Written by Richard Thompson
HOA boards are presented from time to time with a puzzle that must be solved. These are situations that require the wisdom of Solomon because ramifications are far reaching and complex. In other words, a simple answer just won’t do. Take this real life scenario:
A condo owner had a roof leak and notified the board president who, in turn, called the manager who, in turn, contacted a roofer who, in turn, contacted the condo owner to arrange a repair. While all seemed to have been handled correctly, the roofer never actually did the work, so the condo owner stopped paying the monthly assessment several months later when the rains and roof leaking started again.
Late notices were sent by the management and eventually the HOA’s attorney stepped in. The owner made a few payments then stopped, claiming the leak still wasn’t fixed and, moreover, the lawyer had treated her rudely. Since it was now summer and the rains had passed, trying to repair a leaky roof was problematic. The owner was told it would be handled when the rains started again.

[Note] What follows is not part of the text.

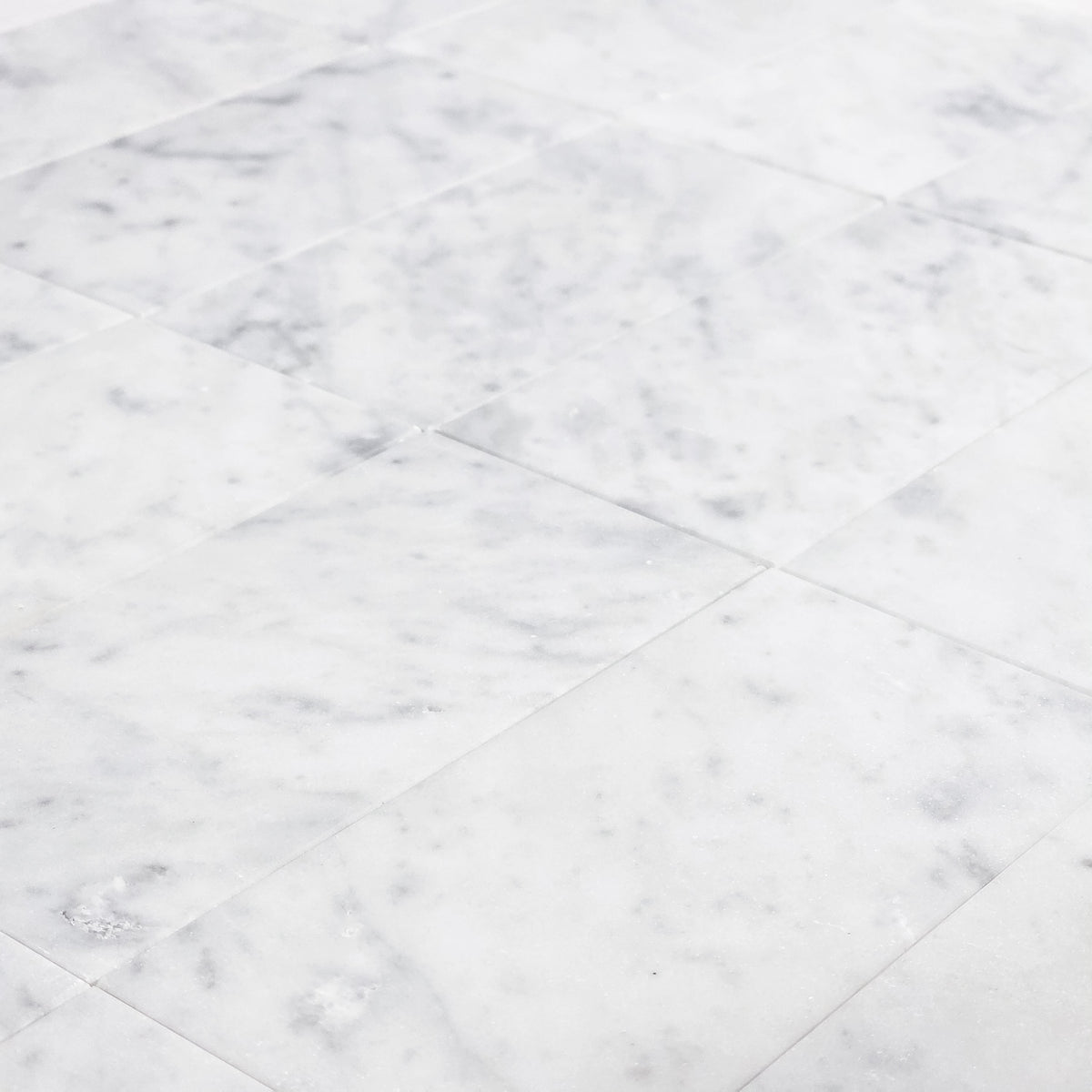 Elon Tile Bianco Carrara Field Tile tile arrangement — available at Surface Group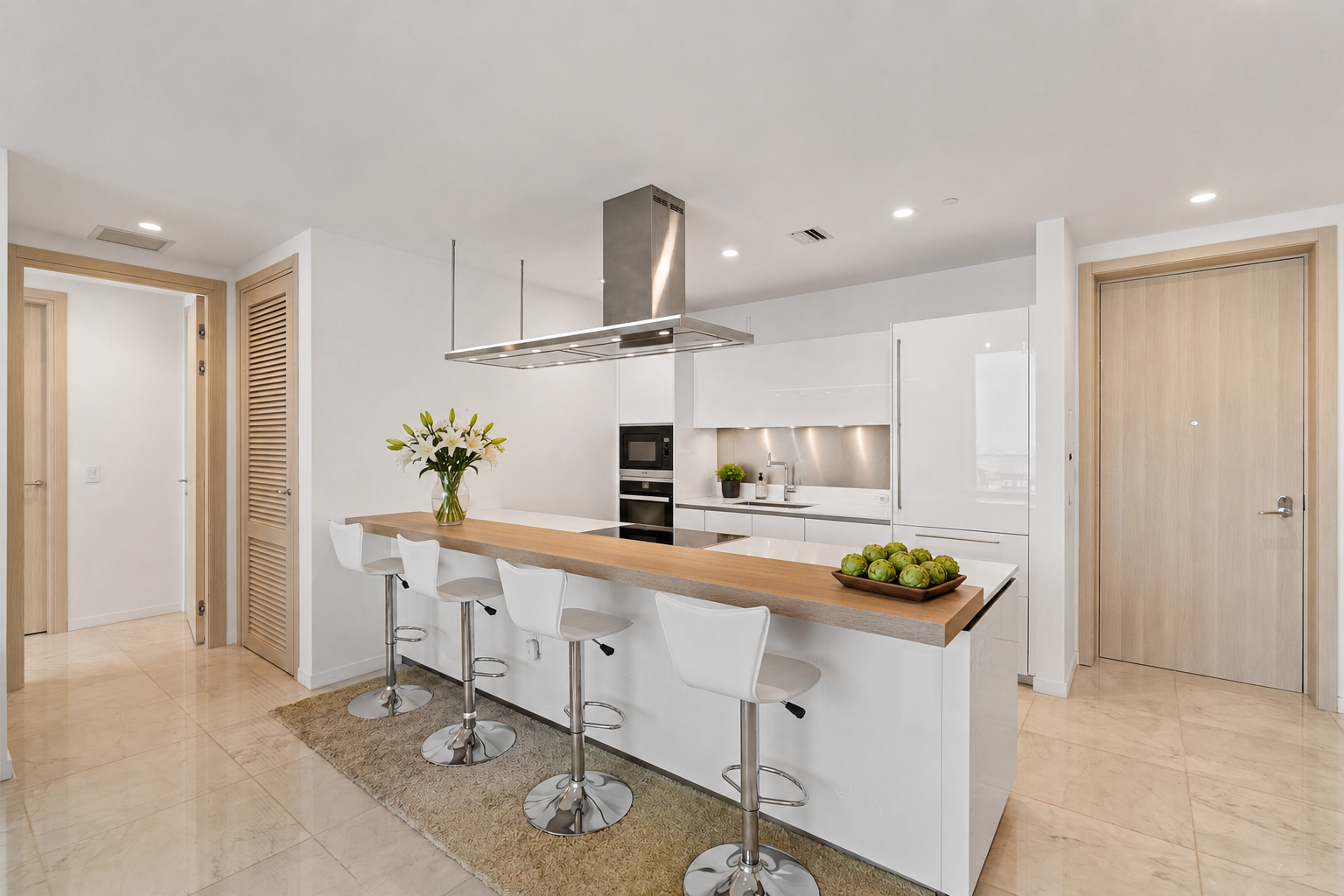Modern kitchen with white cabinets, a wooden countertop island, four white bar stools, a stainless steel range hood, and a vase of white lilies.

A new board was elected and soon became aware of the puzzling situation, now over a year old. The new board president made a personal visit to inspect the leak which was in a bedroom closet. A fish tank was catching the rain water, the ceiling was covered in mold and falling apart. A roofer immediately remedied the problem and the owner was charged for drywall repair.
By now, the condo owner owed $1200 in monthly assessments, $405 in late fees and $870 in legal fees. The owner made partial payment but refused to pay any legal or late fees. The board agreed to waive late fees but wants legal costs reimbursed which were already paid by the HOA. The board is in a conundrum: go to court or compromise?
Withholding assessments is a common, but illegal, tactic some members use to make a point with their HOA. It’s easy to see how quickly things would get out of hand if every member stopped paying because things weren’t going his or her way. But in this situation, there seems to be a huge disconnect between the owner, board and management. The manager clearly failed to see that the repair was completed. Now, the owner could make a good case that all interior damage should be paid by the HOA due to failure to repair the roof in a timely manner. Further, the mold issue could escalate into a legitimate health issue. Mold litigation is a cottage industry for lawyers.
While this owner’s methods weren’t exactly kosher, under the circumstances, the board should compromise by waiving late charges and attorney fees if the owner brings the delinquency current immediately. The odds are pretty good that a judge (if it got that far) would slap the board and management for how this situation was handled and might even grant the owner punitive damages.
This is a case when the board needs to settle the matter amicably before it goes any further (read “lawyers”). While the board should seldom back off too quickly, there are cases, and this is one of them, where the HOA has clear liability in the events. When that’s the case, swallow your pride, cut the losses and review the maintenance procedures to make sure it doesn’t happen again.
Oh, that all puzzles put before the board were cut and dried. But, now and again, one will present itself. Puzzle solving requires thinking “outside the box” so the HOA doesn’t get itself boxed in.